START Records for this exercise

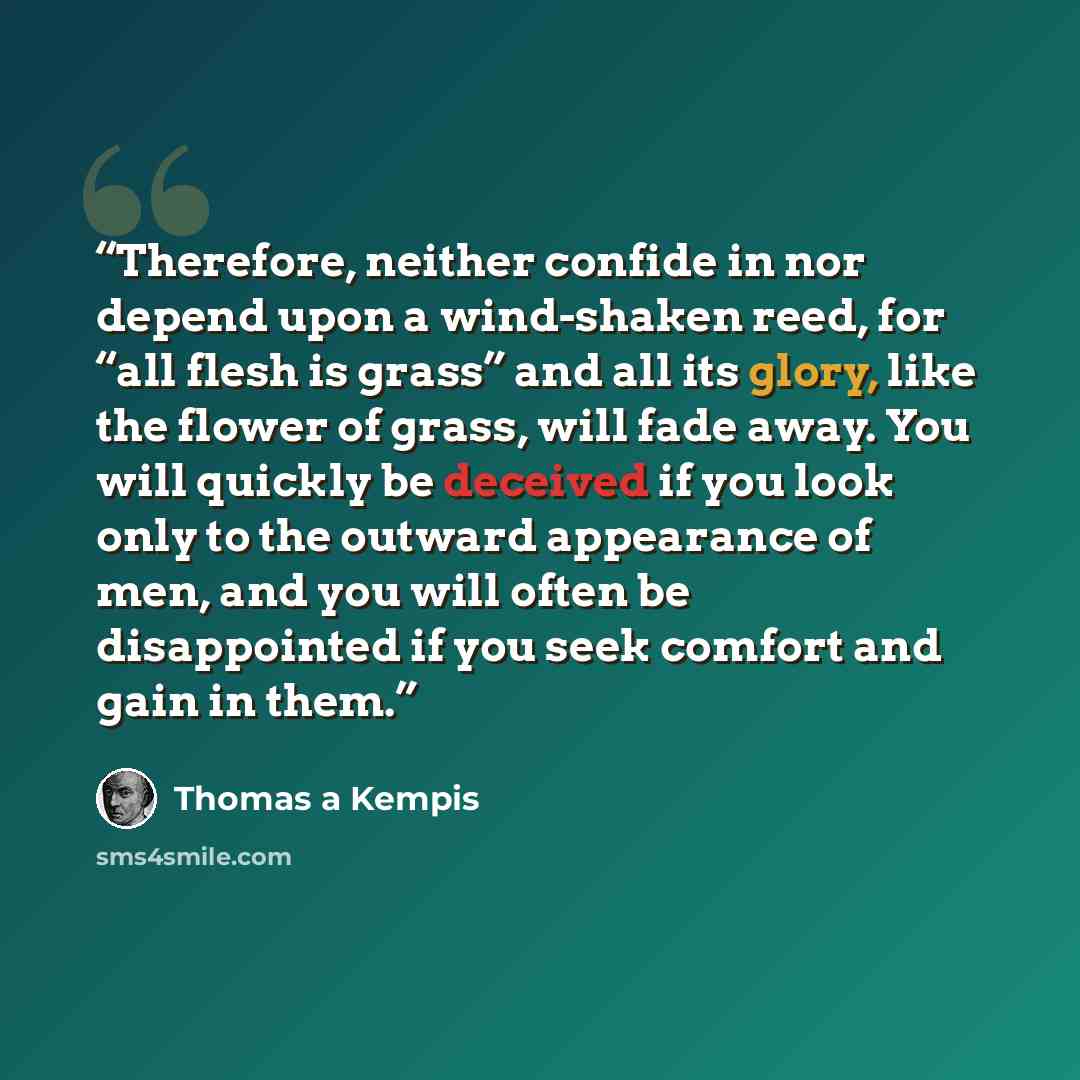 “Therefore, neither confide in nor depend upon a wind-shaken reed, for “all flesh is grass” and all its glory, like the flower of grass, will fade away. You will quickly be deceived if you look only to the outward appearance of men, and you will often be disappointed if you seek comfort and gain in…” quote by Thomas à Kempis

END Records for this exercise
START Records for this exercise

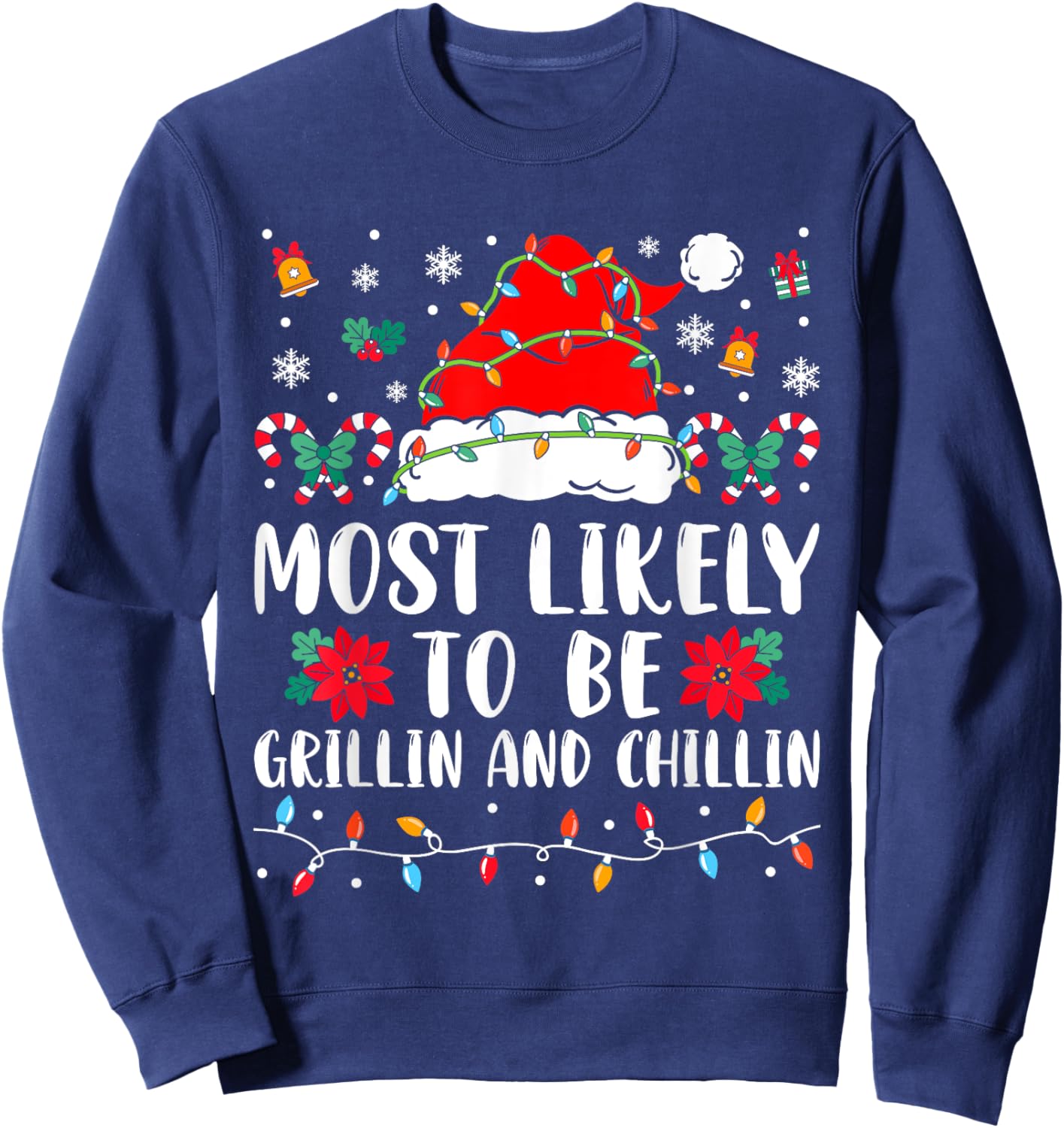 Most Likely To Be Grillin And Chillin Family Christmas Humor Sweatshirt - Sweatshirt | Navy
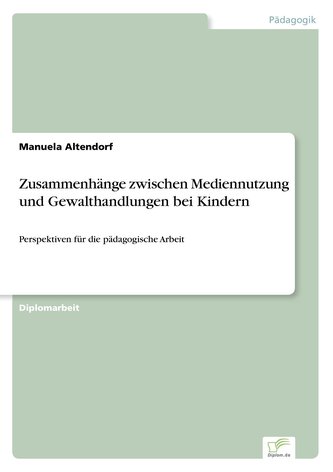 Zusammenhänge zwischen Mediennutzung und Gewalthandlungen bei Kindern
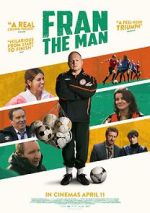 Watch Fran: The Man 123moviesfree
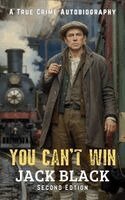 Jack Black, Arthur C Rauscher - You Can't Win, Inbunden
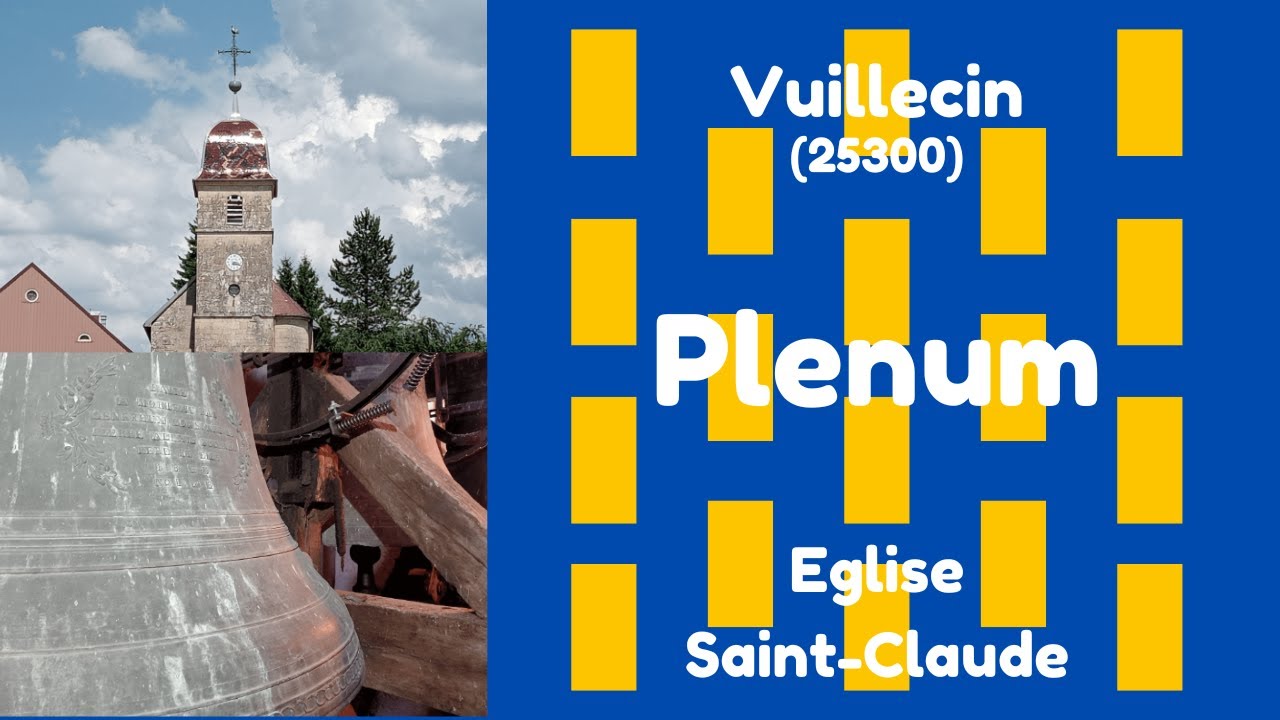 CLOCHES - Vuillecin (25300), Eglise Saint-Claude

END Records for this exercise

◆ What the exercise asks
Leaving out the pictures, please output the lines in the entries above from the one with "Most Likely To" through the one with "CLOCHES - Vuillecin", exactly as they are.

◆ Task result
 Most Likely To Be Grillin And Chillin Family Christmas Humor Sweatshirt - Sweatshirt | Navy
 Zusammenhänge zwischen Mediennutzung und Gewalthandlungen bei Kindern
 Watch Fran: The Man 123moviesfree
 Jack Black, Arthur C Rauscher - You Can't Win, Inbunden
 CLOCHES - Vuillecin (25300), Eglise Saint-Claude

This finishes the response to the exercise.